## Your objective
Output only the lines below that start at the line containing "NWT Billabong Windy" and end at the line containing "She Stoops to", with both ends kept.

## Exercise material
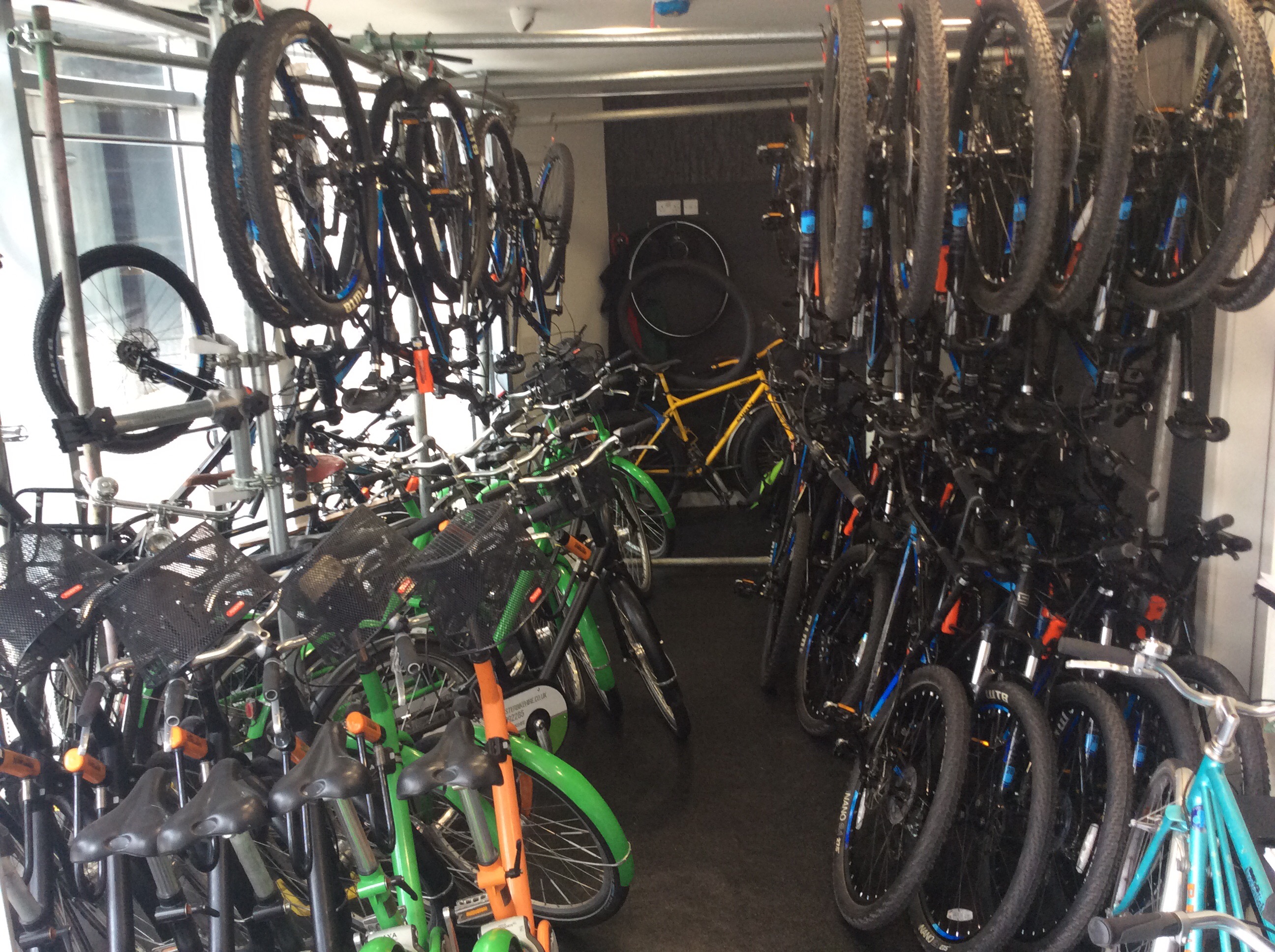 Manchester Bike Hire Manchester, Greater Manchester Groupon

--

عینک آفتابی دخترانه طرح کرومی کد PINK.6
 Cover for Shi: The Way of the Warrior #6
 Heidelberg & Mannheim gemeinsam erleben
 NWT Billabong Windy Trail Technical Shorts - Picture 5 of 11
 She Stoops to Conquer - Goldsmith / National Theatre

...

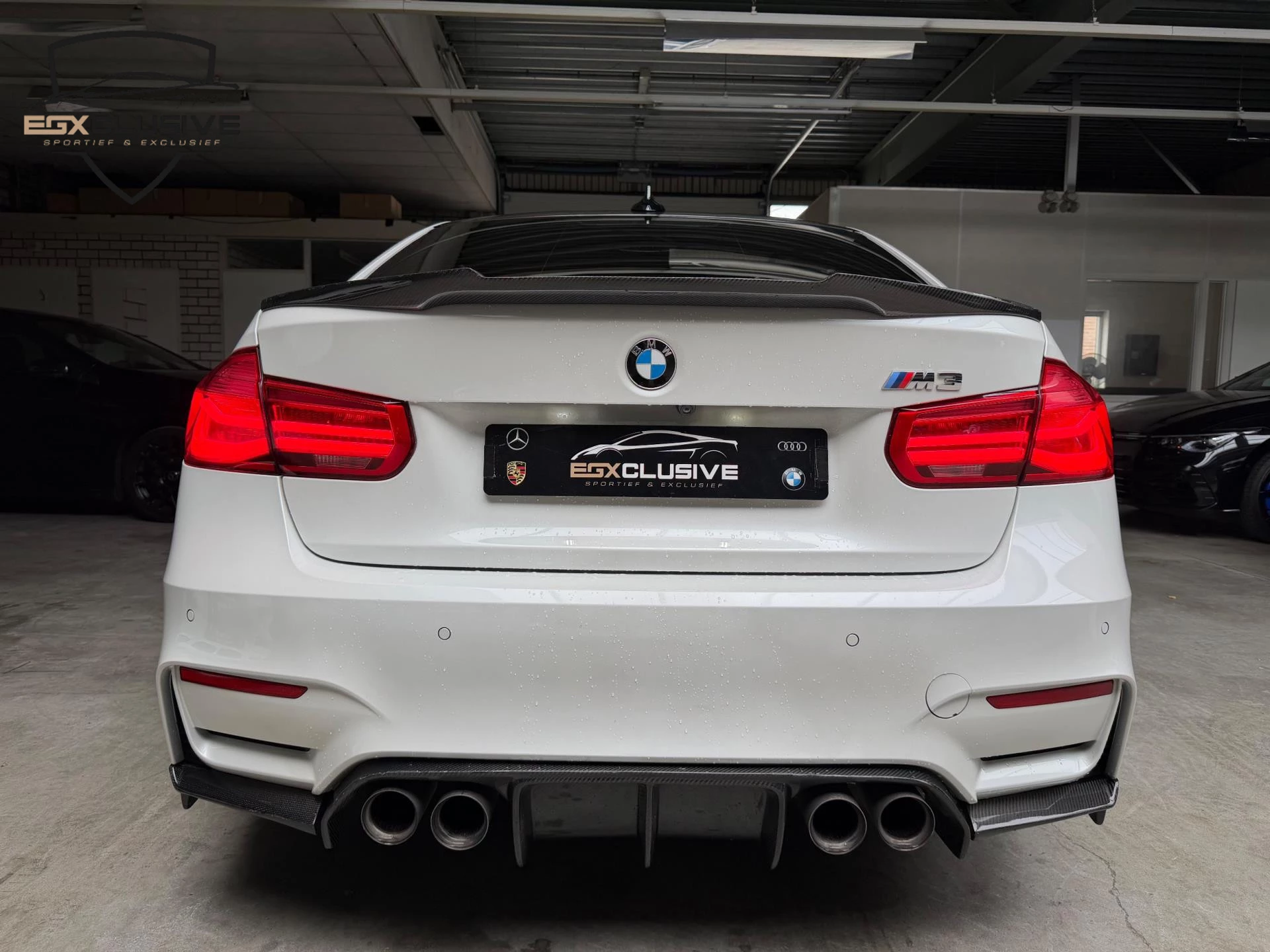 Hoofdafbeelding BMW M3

## Task solution
 NWT Billabong Windy Trail Technical Shorts - Picture 5 of 11
 She Stoops to Conquer - Goldsmith / National Theatre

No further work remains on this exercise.